Community Articles

roshan1 · ‎07-07-2016

The release of version 1.0 marks another major milestone for Storm. Since becoming an Apache project in Sept 2013, much work has gone into maturing the feature set and also improving performance by reworking or tweaking various components. Some of the notable changes that contribute to improved performance are:

Switch from ZeroMQ to Netty for inter-worker messaging.
Employing batching in Disruptor queues (used for intra-worker messaging)
Optimizations in the clojure code such as employing type hints and reducing expensive clojure lookups in perf sensitive areas.
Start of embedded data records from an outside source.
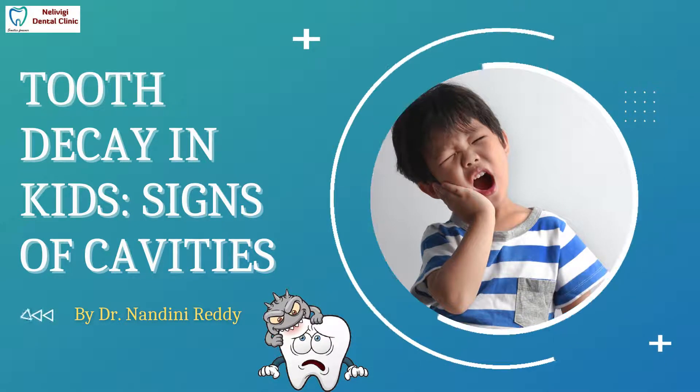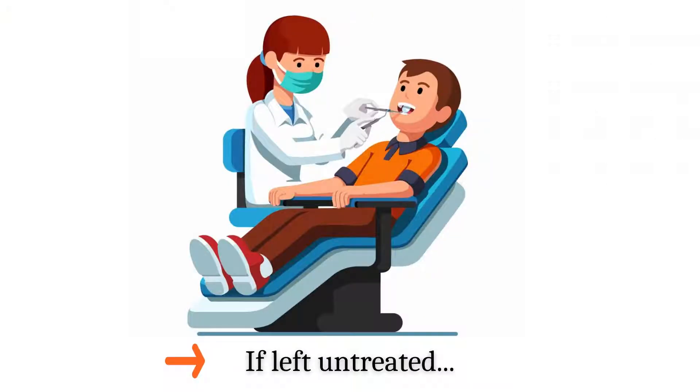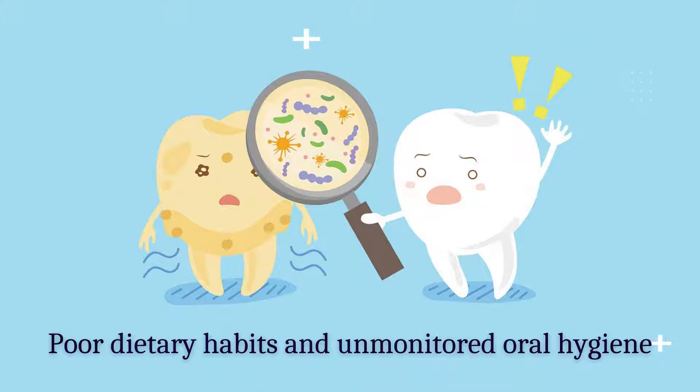Tooth decay in kids: signs of cavities. Tooth decay is one of the most common dental-related problems in children. If left untreated, tooth decay cavities can eventually reach the inner pulp of the affected tooth, resulting in the need for more extensive treatments. Children are often at increased risk of tooth decay because of poor dietary habits and unmonitored oral hygiene.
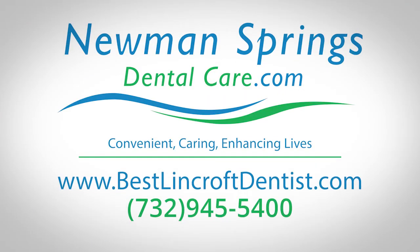In an average of 12 months you can have the smile that you've always dreamt of. Come see us about your options to get you on a path to a straighter smile. Convenient, caring, enhancing lives.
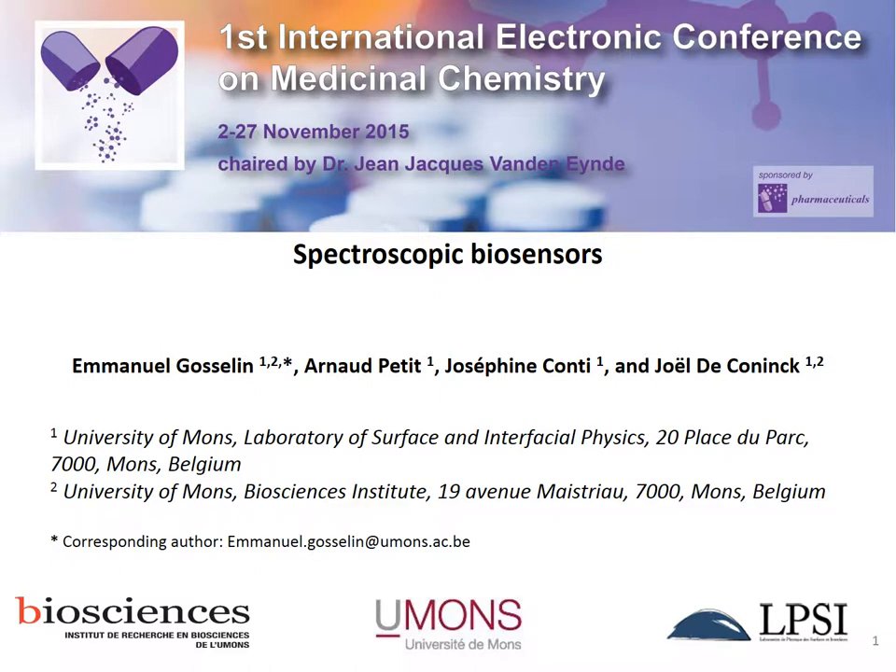Hi! Thanks everybody for being here. I would like to particularly thank Professor Jean-Jacques Vandenheim and the organizing committee for giving me the opportunity to present my work in this first international electronic conference on medicinal chemistry, which has already received great popularity among research communities. The purpose of today's presentation, entitled Spectroscopic Biosensors, is to assess the utility of infrared spectroscopy in studying biomolecule attachment to inorganic surfaces used in a variety of biosensing applications.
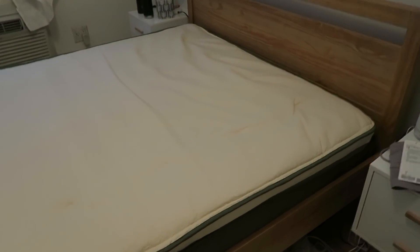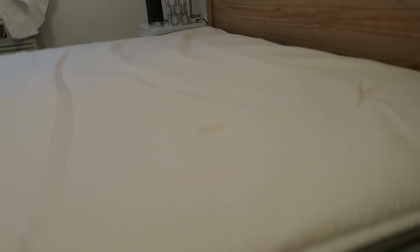Here is what the mattress topper looks like. It's probably going to add about three inches to our bed. It's really soft — super soft. I would like to sleep on this; it's so comfortable. Now I'm going to put on my sheets and then test the bed out for you guys.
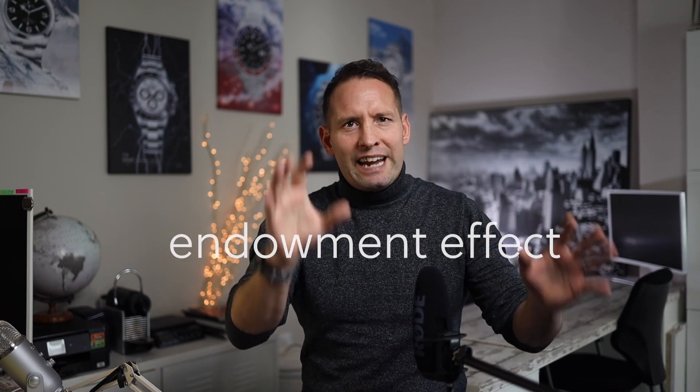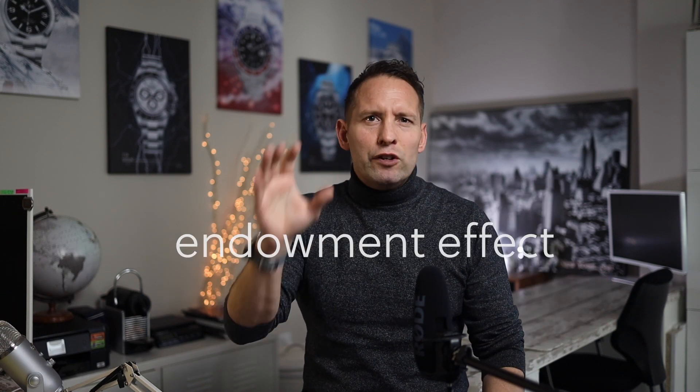An important tip here: don't fall victim to the endowment effect. This is a phenomenon where people place more value on things merely because they own them. Your watch is ultimately worth what someone is willing to pay for it, regardless of how special it is to you.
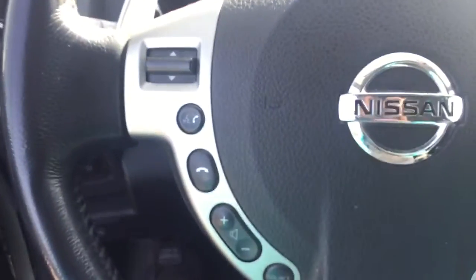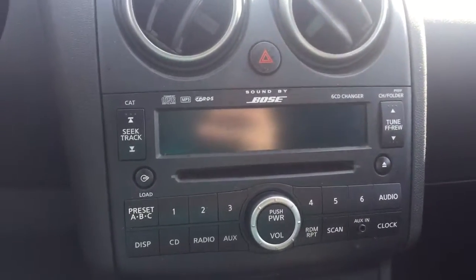On the steering wheel we have Bluetooth capability, media controls, cruise control, AM FM radio, Sirius XM radio, CD player, and temperature controls.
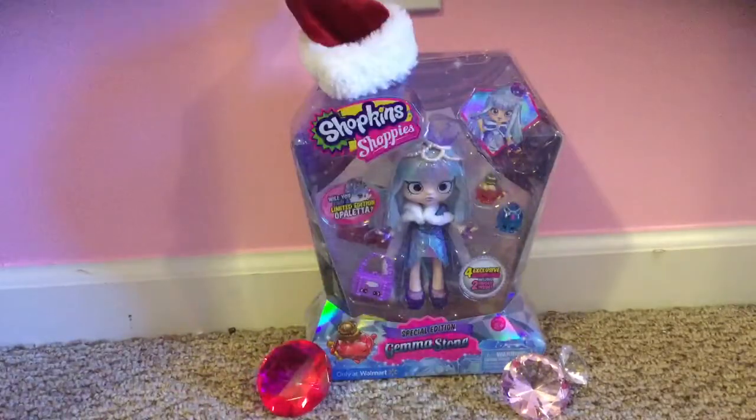Hello there guys! Twilight Sparkle, get out of here. Alright, so hi guys, it's me, Kindergirl5603, and today we're gonna be reviewing...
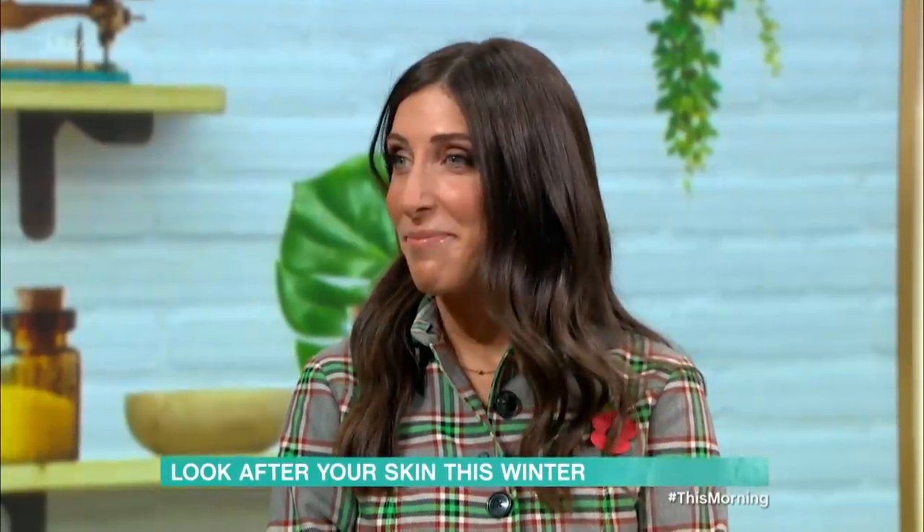As we head into winter, it's time to start thinking about looking after your skin in the cold weather. Sarah Jussell's here with all you need to know.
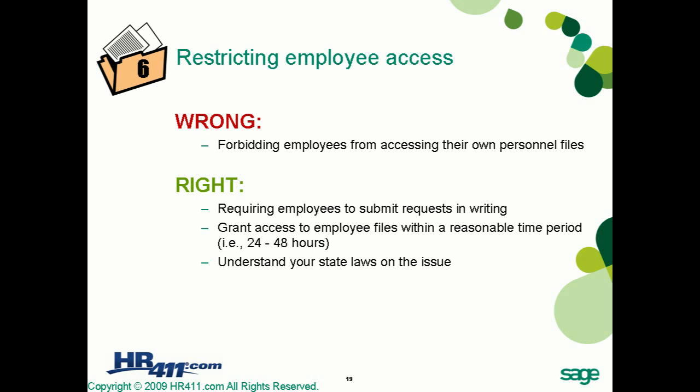Pitfall number six is restricting employee access. The wrong approach is to forbid employees from accessing their own personnel files. Many states have laws that permit employees access to their personnel files upon request, and most require employers to grant that access within a reasonable period of time following a written request by the employee.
In this blog we shall take a look at performance improvements in Storm since its incubation into Apache. To quantify this, we shall compare the performance numbers of Storm v.0.9.0.1, which was the last pre-apache release, with the most recent Storm v1.0.1. Storm v.0.9.0.1 has also been used as a reference point for performance comparisons against Heron.

Given the existence of recent efforts to benchmark Storm “at scale”, here we shall examine performance from a different angle. We narrow the focus to some specific core areas of Storm using a collection of simple topologies. To contain the scope, we have limited the scope to Storm core (i.e. no Trident).

Methodology

Each topology was given at least 4 mins of “warm up” execution time before taking measurements. Subsequently, after a minimum of 10 minutes, metrics were captured from the Web UI for the last 10-minute window. The captured numbers have been rounded off for readability. In all cases ACK-ing was enabled with 1 ACKer bolt executor. Throughput (i.e tuples/sec) was calculated by dividing the total ACKs for the 10 min window by 600.
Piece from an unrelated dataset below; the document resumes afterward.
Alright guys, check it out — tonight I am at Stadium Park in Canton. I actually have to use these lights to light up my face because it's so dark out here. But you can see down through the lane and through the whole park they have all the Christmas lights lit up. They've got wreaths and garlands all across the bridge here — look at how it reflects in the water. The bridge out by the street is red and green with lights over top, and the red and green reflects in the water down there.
Due to some backward incompatibilities (mostly namespace changes) in Storm, two versions of the topologies were written, one for each Storm version. As a general principle we have avoided configuration tweaks to tune performance and stayed with default values. The only config setting we applied was to set the max heap size of the worker to 8GB to ensure memory.

Setup:

Hardware:

5-node cluster (1 nimbus and 4 supervisor nodes) running Storm v0.9.0.1
5-node cluster (1 nimbus and 4 supervisor nodes) running Storm v1.0.1
3-node Zookeeper cluster

Hardware:

All nodes had the following configuration:

CPU: sockets = 2 sockets, 6 cores per socket, Hyper threaded. Model (2sockets x 6cores x 2 hyper threads = 24). Intel Xeon CPU E5-2630 0 @ 2.30GHz
Memory : 126 GB
Network: 10GigE
Disk: 6 disks. Each 1TB. 7200 RPM.

Measurements:

1- Spout Emit Speed

Here we measure how fast a single spout can emit tuples.
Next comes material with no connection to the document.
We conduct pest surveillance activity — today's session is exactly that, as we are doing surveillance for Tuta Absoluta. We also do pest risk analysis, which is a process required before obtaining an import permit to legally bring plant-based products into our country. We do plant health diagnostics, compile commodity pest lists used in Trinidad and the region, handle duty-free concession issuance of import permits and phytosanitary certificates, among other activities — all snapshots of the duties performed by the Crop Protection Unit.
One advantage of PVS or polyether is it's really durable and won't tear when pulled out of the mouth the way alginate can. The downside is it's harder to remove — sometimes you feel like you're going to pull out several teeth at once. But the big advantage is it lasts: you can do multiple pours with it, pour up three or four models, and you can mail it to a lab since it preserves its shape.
Topology: This is the simplest topology. It consists of a ConstSpout that repeatedly emits the string “some data” and no bolts. Spout parallelism is set to 1, so there is only one instance of the spout executing. Here we measure the number of emits per second. Latency is not relevant as there are no bolts.

Topology Code:

v0.9.0.1: https://github.com/hortonworks/storm/blob/perftopos0.9.0.1/src/main/java/perftopos/topology/ConstSpo...

v1.0.1: https://github.com/hortonworks/storm/blob/perftopos1.x/examples/storm-starter/src/jvm/org/apache/sto...

Measurements:

v0.9.0.1:

Emit rate: 108 k tuples/sec

v1.0.1:

Emit rate: 3.2 million tuples/sec

2- Messaging Speed (Intra-worker):

The goal is to measure the speed at which tuples can be transferred between a spout and a bolt running within the same worker process.

Topology: Consists of a ConstSpout that repeatedly emits the string “some data” and a DevNull bolt which ACKs every incoming tuple and discards them. The spout, bolt and acker were given 1 executor each. The spout and bolt were both run within the same worker.

Topology Code:

v0.9.0.1: https://github.com/hortonworks/storm/blob/perftopos1.x/examples/storm-starter/src/jvm/org/apache/sto...

v1.0.1: https://github.com/hortonworks/storm/blob/perftopos0.9.0.1/src/main/java/perftopos/topology/ConstSpo...

Measurements:

v0.9.0.1:

Throughput: 87k/sec Latency: 16ms

v1.0.1:

Throughput: 233k/sec Latency: 3.4ms

3- Messaging Speed (Inter-worker 1):

The goal is to measure the speed at which tuples are transferred between a spout and a bolt, when both are running on two separate worker processes on the same machine.

Topology: Same topology as the one used for Intra-worker messaging speed. The spout and bolt were however run on two separate workers on the same host. The bolt and the acker were observed to be running on the same worker.

Topology Code:

v0.9.0.1: https://github.com/hortonworks/storm/blob/perftopos1.x/examples/storm-starter/src/jvm/org/apache/sto...

v1.0.1: https://github.com/hortonworks/storm/blob/perftopos0.9.0.1/src/main/java/perftopos/topology/ConstSpo...

Measurements:

v0.9.0.1:

Throughput: 48 k/sec Latency: 170 ms

v1.0.1:

Throughput: 287 k/sec Latency: 8 ms

4- Messaging Speed (Inter-worker 2):

The goal is to measure the speed at which tuples are transferred when the spout, bolt and acker are all running on separate worker processes on the same machine.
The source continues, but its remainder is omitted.